PARALLELE AVEC L’INITIATIVE «MONNAIE PLEINE»
En 2018, les Suisses ont voté sur un projet qui visait à mettre en œuvre une idée similaire: l’initiative «Monnaie pleine». Le peuple a rejeté cette initiative avec 75% de non. Tout comme cette initiative, la théorie monétaire moderne estime que la politique monétaire doit être au service de la politique financière. Au fond, les deux théories demandent de renoncer à l’indépendance de la banque centrale et de supprimer les restrictions budgétaires pour les dépenses publiques.
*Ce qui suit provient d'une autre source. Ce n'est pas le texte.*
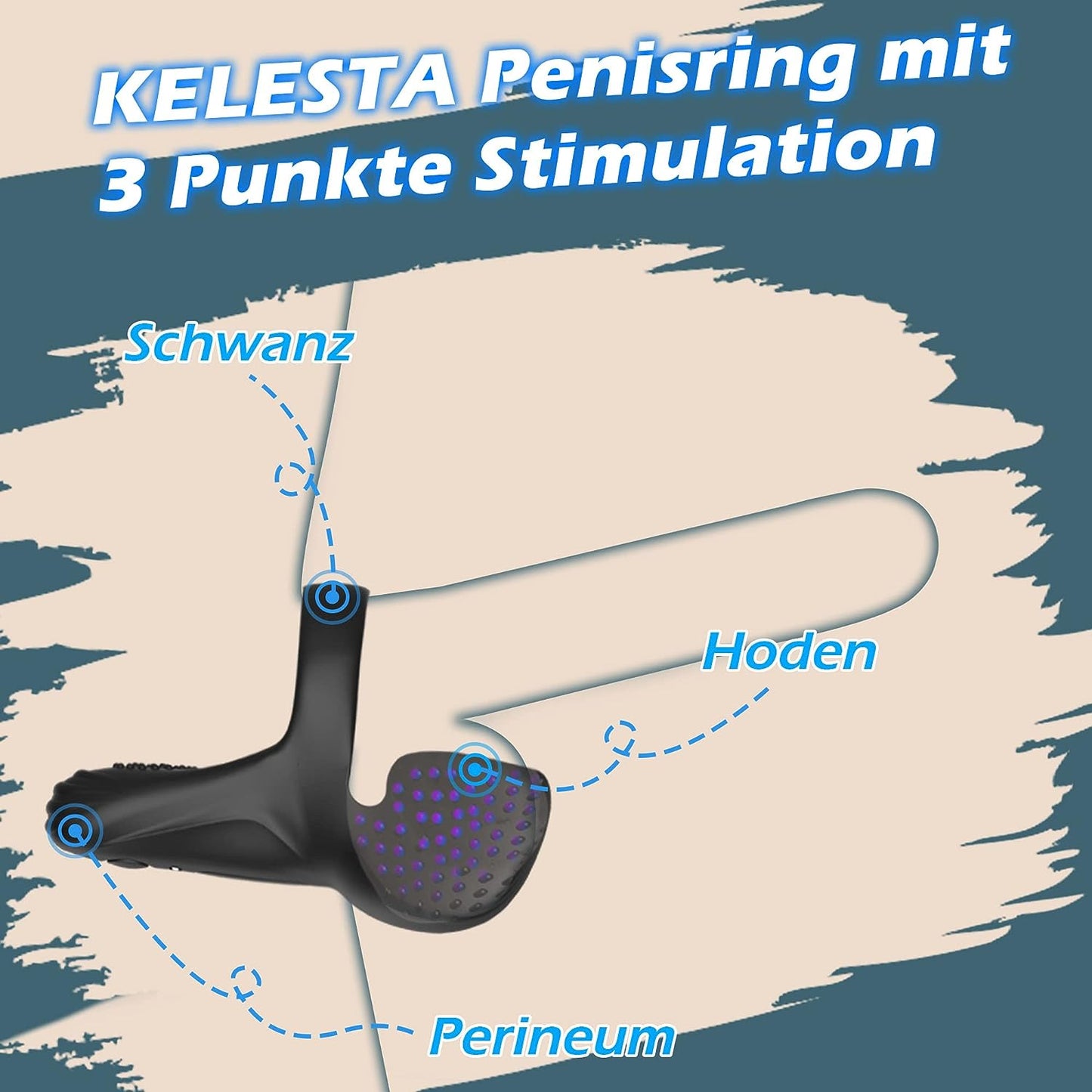 Cock ring vibrators with testicle vibration with 10 vibration modes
IL N’EST GUERE POSSIBLE DE STOPPER L’INFLATION A TEMPS
Ces théories tiennent du vaudou. Une fois qu’on a invoqué lesesprits, on ne s’en débarrasse pas si facilement. Les choses finiraient mal si l’État avait la possibilité d’adopter des programmes de dépenses sans se soucier du financement. Au Venezuela, on voit ce qui se passe lorsque le gouvernement peut se servir sans restriction dans les fonds publics. En 2018, l’inflation avoisinait 1 000 000%. Quand l’inflation s’envole à ce point, elle est difficile à chiffrer. Au Venezuela, désormais on ne compte plus l’argent, on le pèse. L’histoire nous fournit d’autres exemples similaires. Les Allemands ont encore en mémoire l’hyperinflation connue sous la République de Weimar. Leurs ancêtres ont perdu une part importante de leur fortune à l’époque.
Une fois qu’on s’habitue au financement de l’État par la banque centrale, il est difficile de revenir en arrière
Au Venezuela ou dans l’Allemagne de l’entre-deux-guerres, le pouvoir politique aurait pu limiter la masse monétaire en relevant les impôts. Mais on ne se débarrasse pas des esprits aussi vite: Une fois qu’on s’habitue à l’aubaine d’un financement de l’État par la banque centrale, il est difficile de revenir en arrière. Même si l’économie s’écroule par la suite. Il est vrai que l’État ne peut pas faire faillite dans sa monnaie. Mais il peut devenir insolvable aux yeux des autres pays, pour les échanges internationaux, car personne n’accepte une monnaie sans valeur.
SEULEMENT UNE STRATEGIE POLITIQUE?
Supposons que les États-Unis ne résistent pas aux promesses de la TMM et que la Réserve fédérale mette à la disposition du gouvernement de Donald Trump des ressources illimitées pour ériger le mur, acheter de nouveaux biens d’équipement et investir dans les infrastructures. À court terme, cela stimulerait la conjoncture, c’est certain. Le taux de chômage étant déjà bas, on aurait rapidement une pénurie de main-d’œuvre sur le marché du travail. Les salaires augmenteraient. Les prix aussi. D’après la TMM, le pouvoir politique devrait alors augmenter rapidement les impôts pour combattre l’inflation. L’expérience a montré que ce n’est pas comme cela que les choses se passent. Mais peut-être la TMM n’est-elle pas une théorie économique mais une stratégie politique. Bien que ses défenseurs se réfèrent à Keynes, ils puisent davantage dans l’argumentation de Marx selon laquelle le capital exploite les travailleurs. À leurs yeux, le taux d’intérêt «juste» devrait être de zéro. Personne ne doit pouvoir faire fructifier de l’argent. Ils vont encore plus loin: ils souhaitent que l’État garantisse le plein-emploi. Qu’il embauche davantage de personnes en phases de récession. Tandis que pendant les phases de boom, ces travailleurs pourraient passer dans le secteur privé. L’économie deviendrait un terrain de jeu où l’État, omniprésent, préside aux destinées. Tout cela laisse penser que les défenseurs de la TMM – avec force explications, complications économiques et promesses de mouvement perpétuel – visent le contrôle intégral de l’État sur l’économie.